Saturday, March 06, 2021
Saturday's Spotlight: Film Noir Music!
Love many movie genres, from sci-fi to silents to musicals to psychotronica to animation here at Way Too Damn Lazy To Write A Blog, but none more than film noir. After reading a magnificent piece on classical music in animated cartoons (most frequently employed by one Carl W. Stalling) by Vincent Alexander, this blogger turns his attentions to the vivid and expressive music of film noir.
Odds Against Tomorrow, a real and reel masterpiece directed by the master of all genres, Robert Wise, and one of the last but very, very best examples of hard-hitting film noir, features a killer score by John Lewis of The Modern Jazz Quartet.
This is such an amazing and beautifully realized movie we wish that the ridiculously multi-talented Harry Belafonte, who stars as a young entertainer deeply in the throes of a gambling addiction, had continued further as an indie film producer (note: many years later, he produced The Angel Levine, Buck & The Preacher and Beat Street).
Louis Malle's film Elevator To The Gallows features an unbeatable combo: outstanding Miles Davis music, the brilliant acting of Jeanne Moreau and the director's original synthesis of film noir and French New Wave cinema stylings.

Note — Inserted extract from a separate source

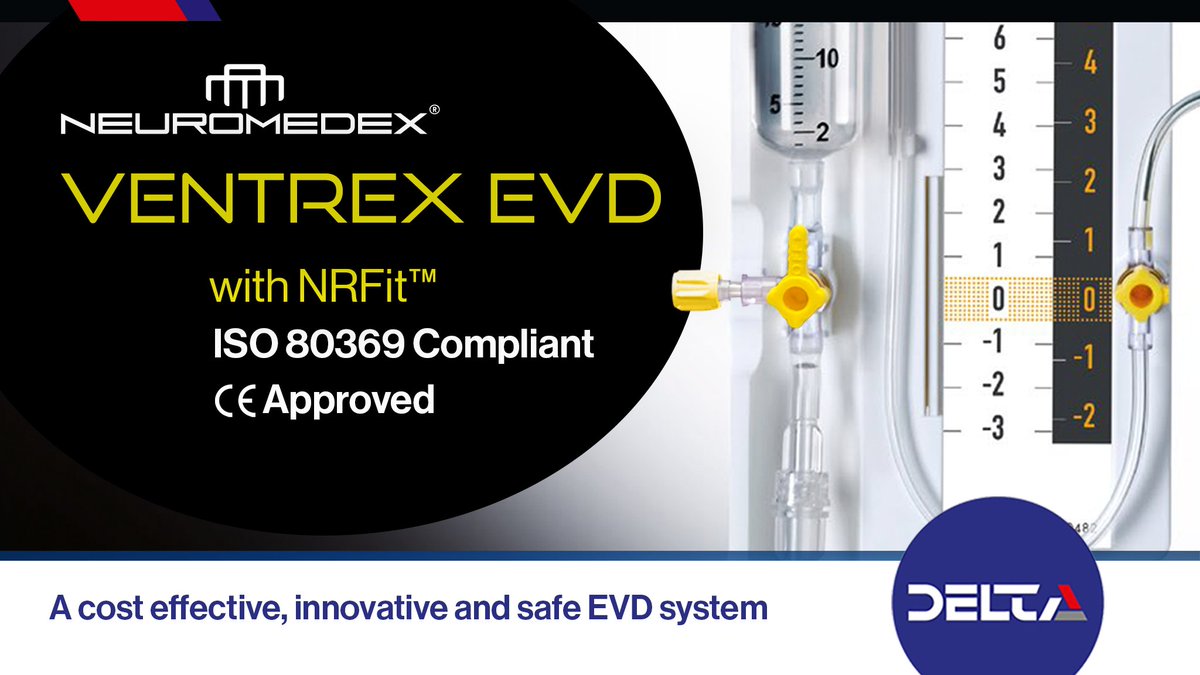 Delta Surgical (@deltasurgical) on Twitter photo Discover the #VentrEX EVD system from #Neuromedex with #NRFIT.
The system offers increased infection prophylaxis under conditions that combine patient protection & cost-effectiveness
For more information contact #DeltaSurgical on 01782 637009 or email sales@deltasurgical.co.uk Discover the #VentrEX EVD system from #Neuromedex with #NRFIT.
The system offers increased infection prophylaxis under conditions that combine patient protection & cost-effectiveness
For more information contact #DeltaSurgical on 01782 637009 or email sales@deltasurgical.co.uk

Among the hard-boiled American crime thrillers so beloved by the Malles, Chabrols, Truffauts and Jean-Pierre Melvilles of the world, the classic "find the bastard who murdered me" mystery D.O.A. remains a personal favorite.
The "Fisherman" nightclub in D.O.A. looks like the place to be for red hot jazz on a Saturday night. We sincerely hope the audience left generous tips.
As fate would have it, the writer of this blog shared big time enthusiasm for this excellent movie with an old and much-missed friend who passed in his sleep on Christmas 2020. . .So Mr. Blogmeister raises his goblet in a toast to my film buff compadre - and to the ace filmmaker who helmed D.O.A., producer, director and cinematographer Rudolf Maté, one of the all-time movie greats. Gotta love a guy who who worked making movies in the United States, Hungary, Austria, Germany, France and the United Kingdom!
As celebrated as Stanley Kubrick's spectacular 1960s and 1970s movies are, it's those early film noirs that may well be my personal favorites among the director's illustrious, provocative and flamboyant cinematic career. His second feature film, Killer's Kiss, shot in NYC, was an indie film made on a portion of a shoestring, but beautifully and strikingly shot and edited. Both the soundtracks and the cinematography in Killer's Kiss and The Killing are memorable.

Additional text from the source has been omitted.